El informe del presidente Peña Nieto dejó claro el mensaje. México se está moviendo, y el conjunto de reformas concretadas sientan las bases para el crecimiento económico y un mayor bienestar para todos. Sin duda hay elementos para creer que esto es posible. Pero también para pensar que no hay que echar las campanas al vuelo pues ahora viene la parte más compleja de cualquier reforma: su implementación.

Por una larga y secular tradición nacional solemos identificar el cambio de la ley con la transformación de la realidad. Pero las condiciones que hicieron posibles las reformas —la combinación de acuerdos políticos y negociaciones legislativas— no son las mismas que permiten su implementación exitosa. Toda reforma legal es en realidad una promesa de cambio que marca el inicio de un largo proceso que requiere el despliegue de personas, instituciones, reglas y recursos para lograr que cumpla sus propósitos. Más allá, sabemos que siempre existe una “brecha de implementación” (la expresión es de Merilee Grindle) que marca la distancia entre las intenciones del reformador y lo que acontece en la realidad.

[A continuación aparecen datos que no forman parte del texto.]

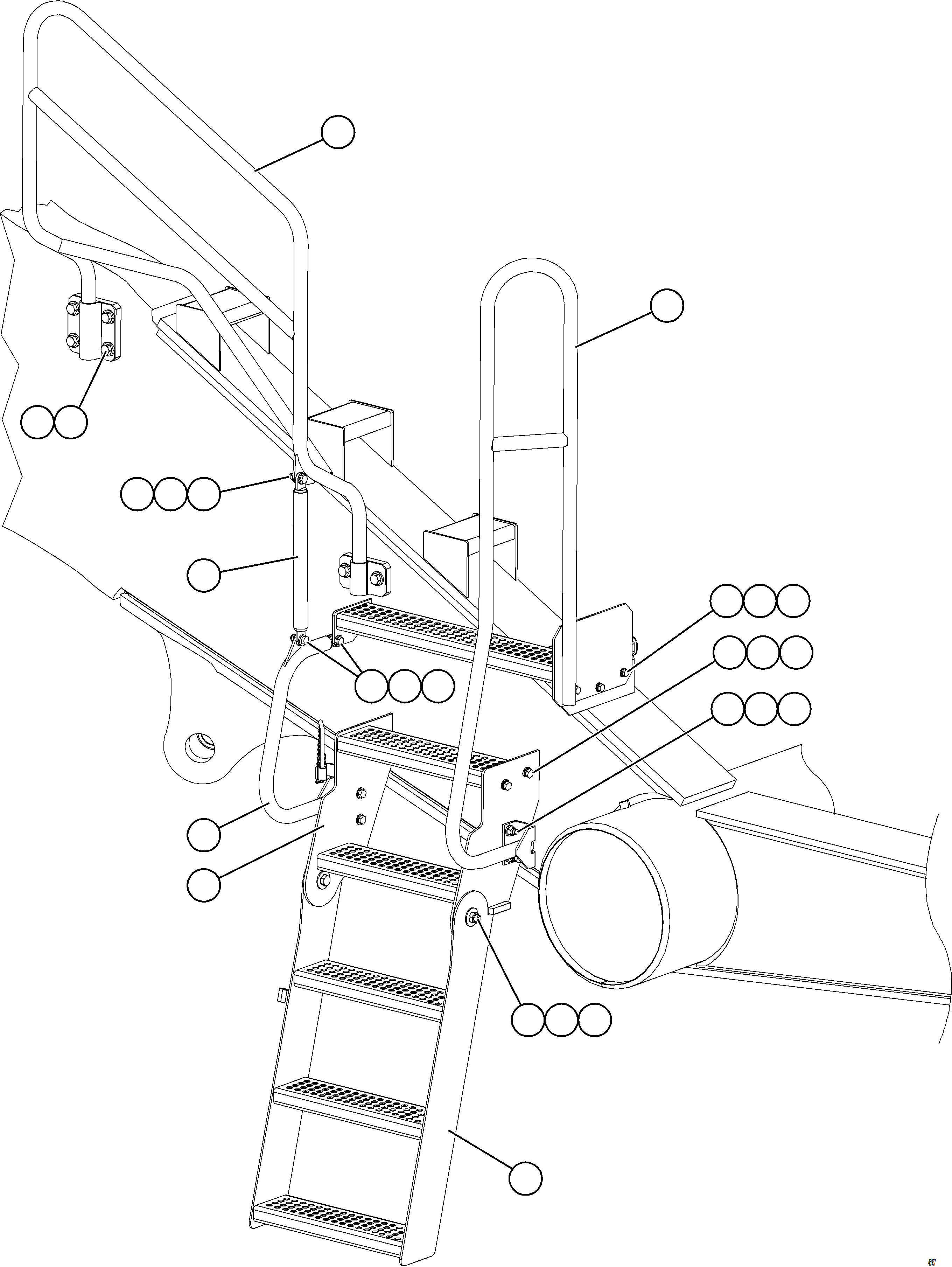 Komatsu parts book diagram for AFE84-R 730E-10 S/N A50056 - A50058  KSA: RH ENGINE ACCESS LADDER & HANDRAILS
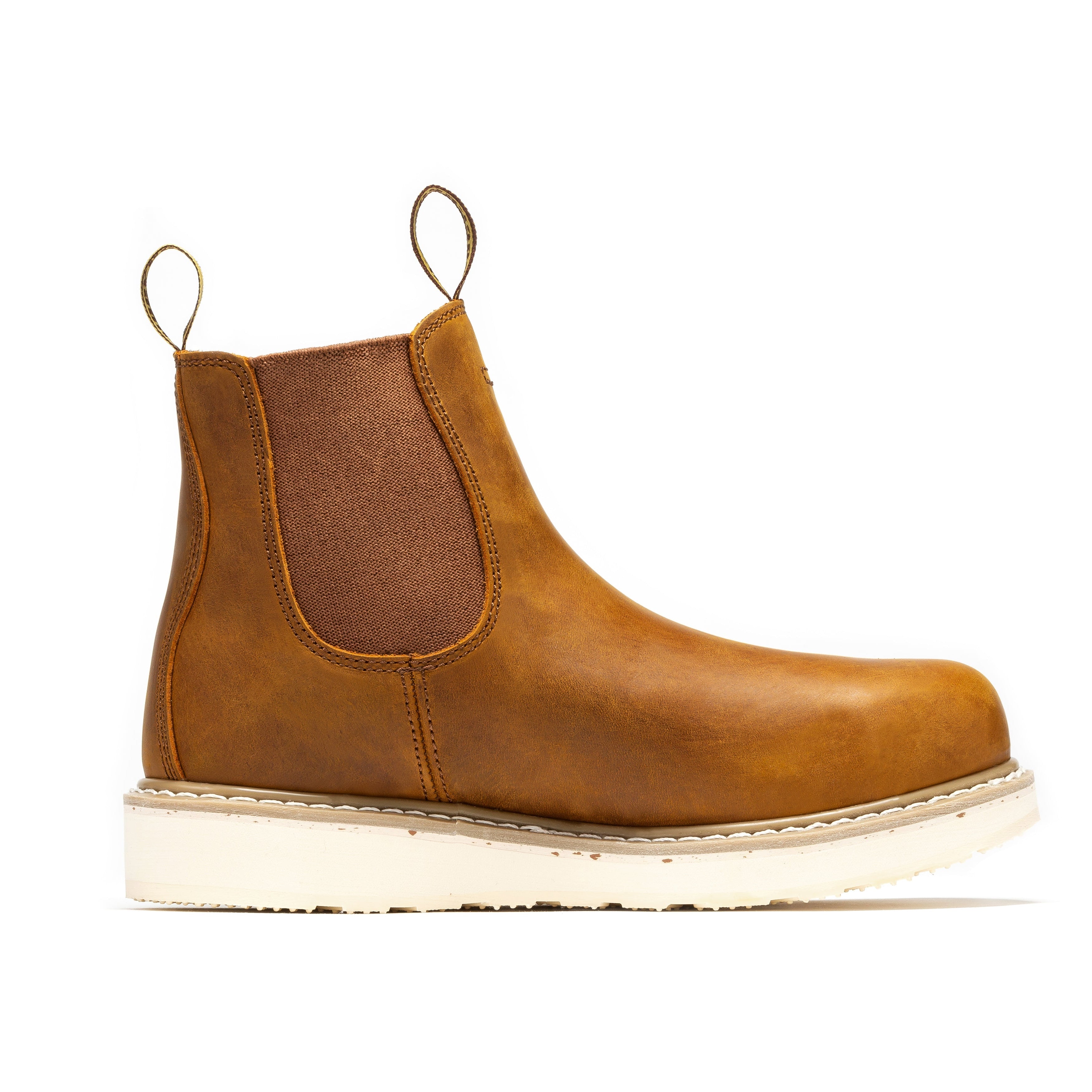 RockROOSTER Capitola men's 6-inch brown wedge work boots with sturdy leather construction and rugged outsole.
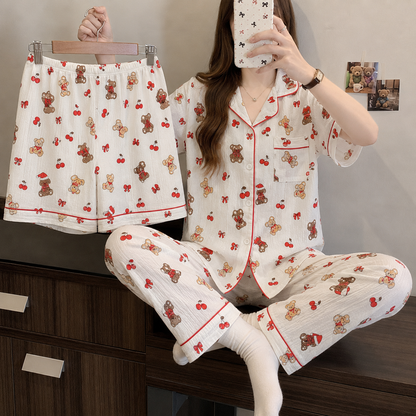 Cherry Teddy 3 Piece Night Suit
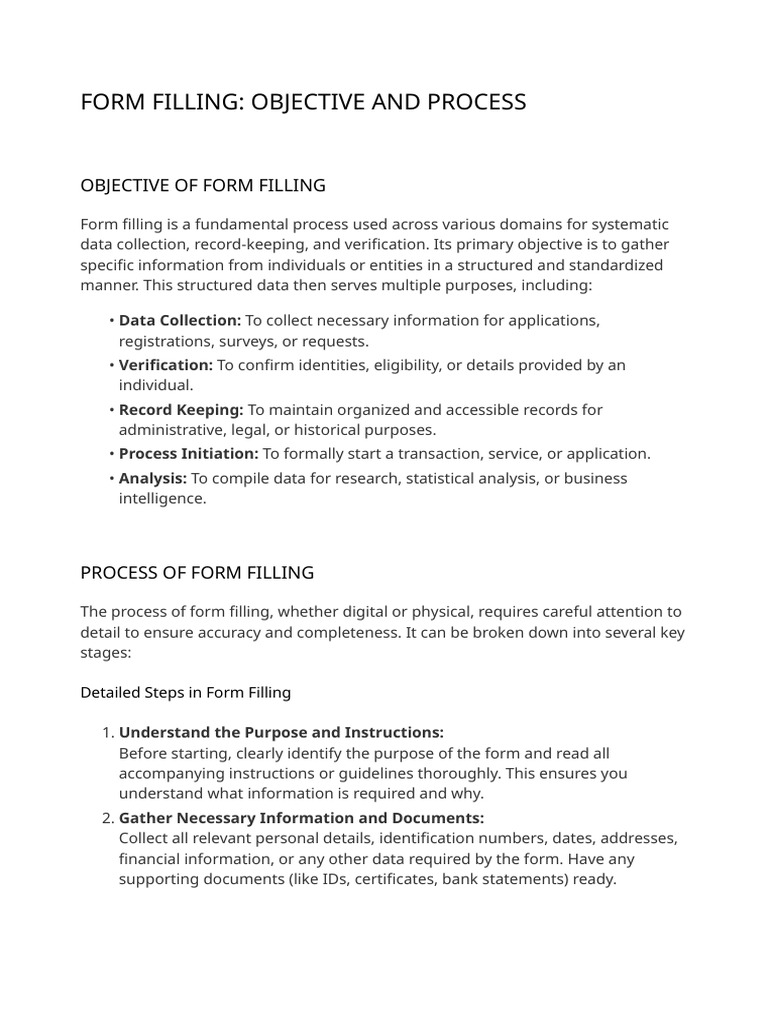 Form Filling: Objectives & Process Guide | PDF | Information ...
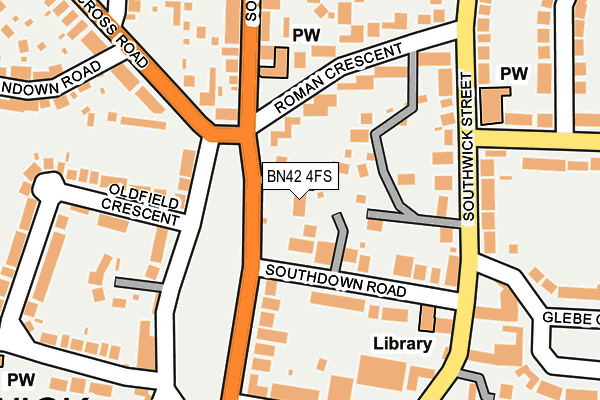BN42 4FS map - OS OpenMap – Local (Ordnance Survey)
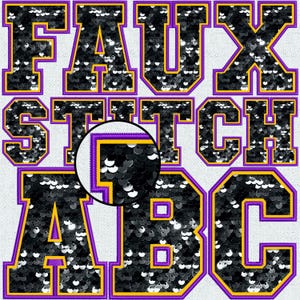 Faux Embroidery Sequin Letters BUNDLE, Faux Sequin Patch, Faux Sequin Letters, Black Sequin, Purple, Stitched Alpha PNG, Faux Stitch, 44FS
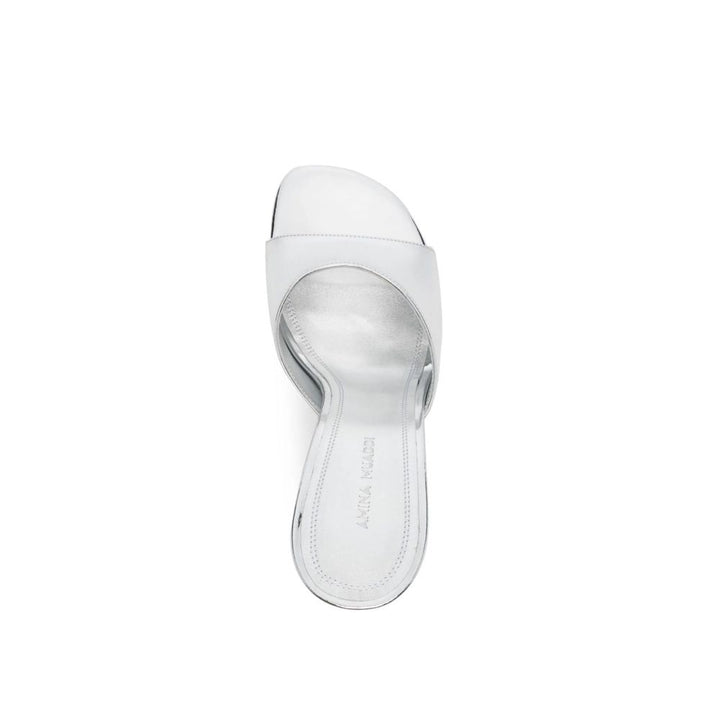 Amina Muaddi Silver Calfskin Mules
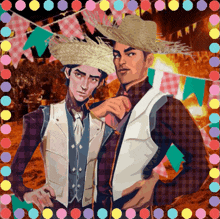 two men wearing straw hats are standing next to each other in a polka dot frame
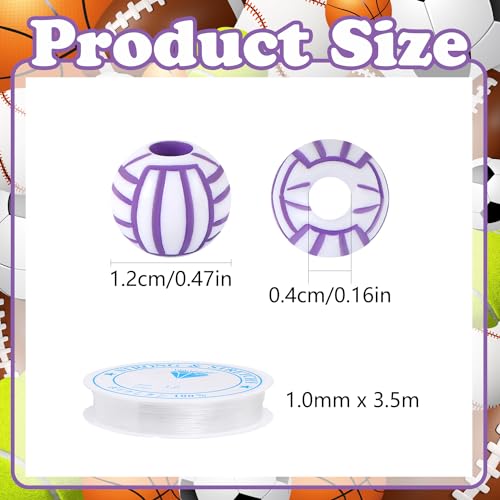 100pcs Volleyball Beads with 5.5 Yard Elastic Rope,Acrylic Sports Beads DIY Spacer for Necklace Bracelet Keychains Handmade Jewelry Making Accessories Craft Supplies,12mm(Rainbow Volleyball) - color: Rainbow Volleyball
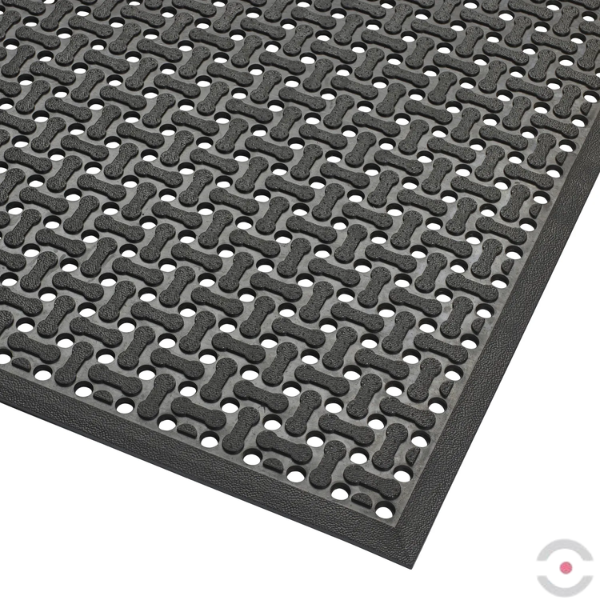 Mata ergonomiczna Notrax, Superflow, gumowa, antypoślizgowa, 60 cm x 90 cm, obszar mokry, czarny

Junto con mi colega el doctor Guillermo Cejudo hemos identificado cuatro supuestos que se asumen como condiciones dadas para el despliegue de las reformas, pero que en realidad son obstáculos a remontar. El primero es que existe una administración organizada y con recursos suficientes para ejecutar los mandatos legislativos. La realidad es bien distinta. La administración pública federal es un elefante pesado y torpe, lleno de mandatos contradictorios, capacidades limitadas y enormes restricciones para responder a las exigencias de un entorno que demanda creatividad, acción y flexibilidad.

El segundo supuesto es que existe un marco regulatorio congruente y eficaz. Otra ilusión. La magnitud del cambio normativo que implicaron las reformas recientes, sumadas a otras previas, dan como resultado un sistema jurídico desarticulado y contradictorio, enormemente complejo y que impone altos costos regulatorios para las empresas y los ciudadanos. Lejos de proporcionar certeza y seguridad jurídica, el entorno legal es de incertidumbre y conflicto. Urge una política muy seria de mejora regulatoria para realinear normas y procedimientos y tener una regulación de calidad.

Un tercer elemento es el sistema federal. Es cierto que éste ha tenido transformaciones importantes en los últimos años, entre otras un incremento dramático de los recursos transferidos a los estados y los municipios. Pero el arreglo federal vigente no corresponde a un diseño deliberado en el que se hayan definido con precisión responsabilidades, capacidades y recursos, sino que es el agregado de decisiones inconexas que no siempre han tomado en cuenta las implicaciones en la operación del federalismo en su conjunto. El resultado es un nudo donde muchas de las decisiones se atascan y se estrellan con la falta de coordinación efectiva y una falta absoluta de claridad en las responsabilidades.

El último supuesto es la falta de un sistema efectivo de rendición de cuentas, capaz de generar los incentivos adecuados para que los ejecutores asuman sus responsabilidades, den cuenta de sus acciones y se eviten los desvíos que genera la corrupción. Hoy los instrumentos con que cuenta el Estado mexicano para supervisar las reformas son frágiles e ineficaces.

Todo lo anterior no busca enfriar el optimismo ni desalentar el cambio que es urgente e indispensable. Se trata de inyectar una dosis de realismo que obligue, si queremos obtener los resultados esperados, a actuar con cautela, perseverancia, disciplina, vigilancia y evaluación continua. De hacerlo incrementaremos las posibilidades de lograr el éxito que necesitamos.